Hetherington's research contradicts recent controversial studies, such as
the Exeter Family Study and research by Californian professor Judith
Wallerstein. Both found that children experienced deep and long-term damage
from divorce, but both were criticised as skewed by the conservative
religious views of the researchers.
Given that nobody wants divorce made illegal or loaded with the stigma it used to carry, Pryor believes efforts have to be made to help parents to separate with as little conflict, loss of contact and loss of income as possible.
The New Zealand Government already plays an important part in supporting families; most notably Pryor points to the family courts here. Rare in legal systems around the world, they deal with approximately the most troubled 10 per cent of families, yet only 1 per cent of those have to go before a judge. "It minimises the number of adversarial encounters," she says.
Where the state could help more is by easing parental pressures, with parental leave (which is coming) and the provision of accessible, affordable childcare. "We could kick in earlier with [struggling] families. In England women having had their first baby are screened for the state of their relationship. If it's looking shaky, help can be offered. That's the kind of intervention that can keep relationships on the rails."
However, if good parenting is the key to how children handle parental turmoil, the crucial question is: what can a parent do to get it right?
Pryor suggests there are a few simple tricks. For a start, keep the children out of adult fights. Parents should never use their children against each other or as go-betweens. That applies even once they've separated.

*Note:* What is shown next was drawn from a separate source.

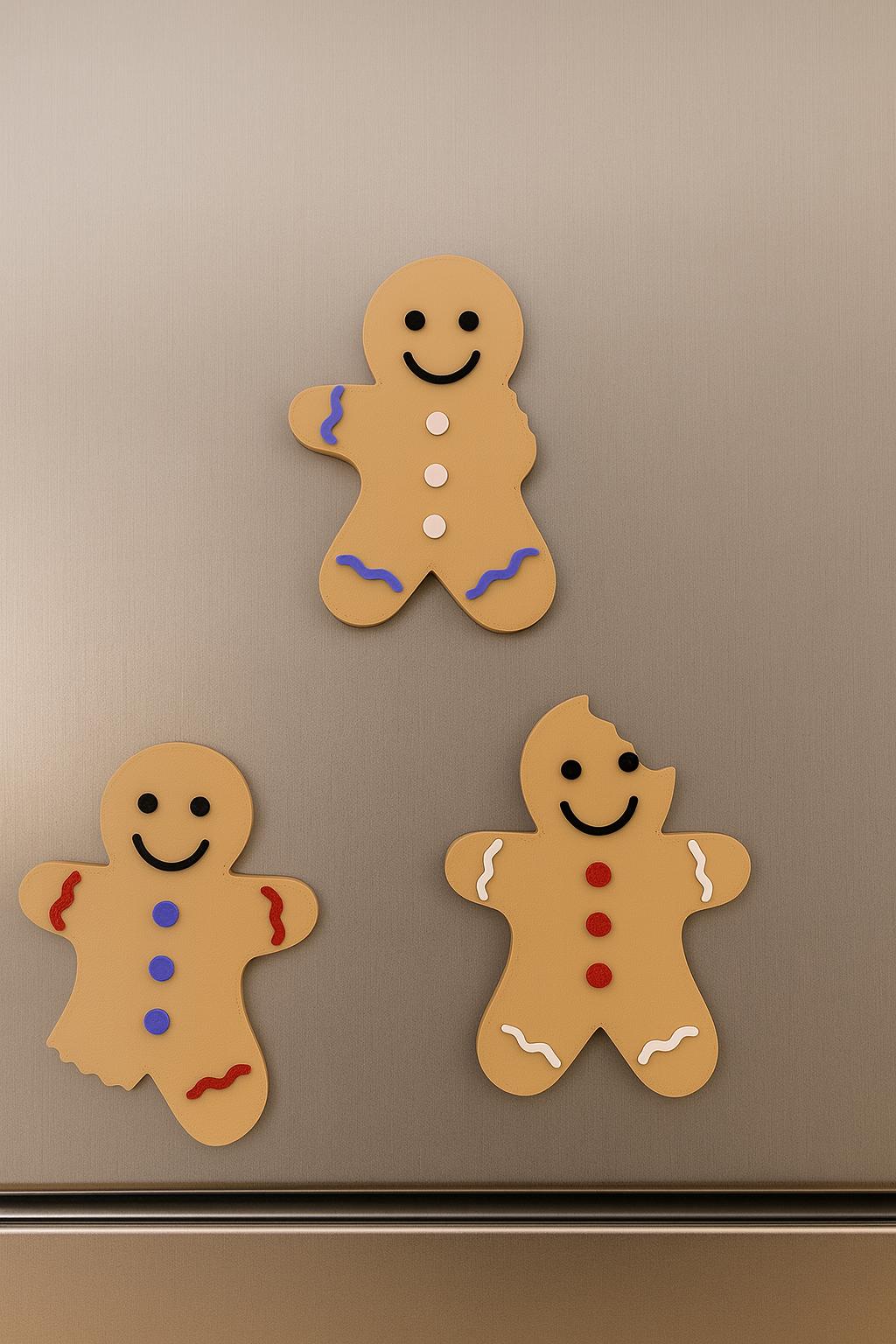 Gingerbread Cookie Christmas Magnets | Festive Kitchen Decor | Set of 3 Cute Styles | Holiday Nostalgia | Charming Christmas Decoration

"For example, have your arguments on the phone when the kids have gone to bed. Or, if you can't face each other when you pass the children over, one of you take the children to school and the other one can pick them up."
Children value stability, especially in their relationships. A key
indicator for children who do better after a separation is maintaining
contact with both parents. Often fathers grow distant. If there's abuse
involved, that's essential. But in any other case children who stay close to
their father are less likely to display behaviour or adjustment problems.
Interviews with children often reveal a feeling of alienation from the family during a separation.
Pryor: "The kids say, 'We don't need the gory details, but let us know what's happening.' It's hugely important. What's really compelling is that there is research that shows that if kids are told and given decent explanations, then down the line they are measurably better off. They do better in a whole lot of ways because they don't feel helpless and on the outside."
Learning the lessons from this kind of research is vital, not just to children such as Vicky and Anneliese, but to us all. As Pryor and Rodgers conclude in their book:
"Alongside the survival of the environment, the task of nurturing the survival of families in all their diversity might be the challenge with the greatest implications for us all."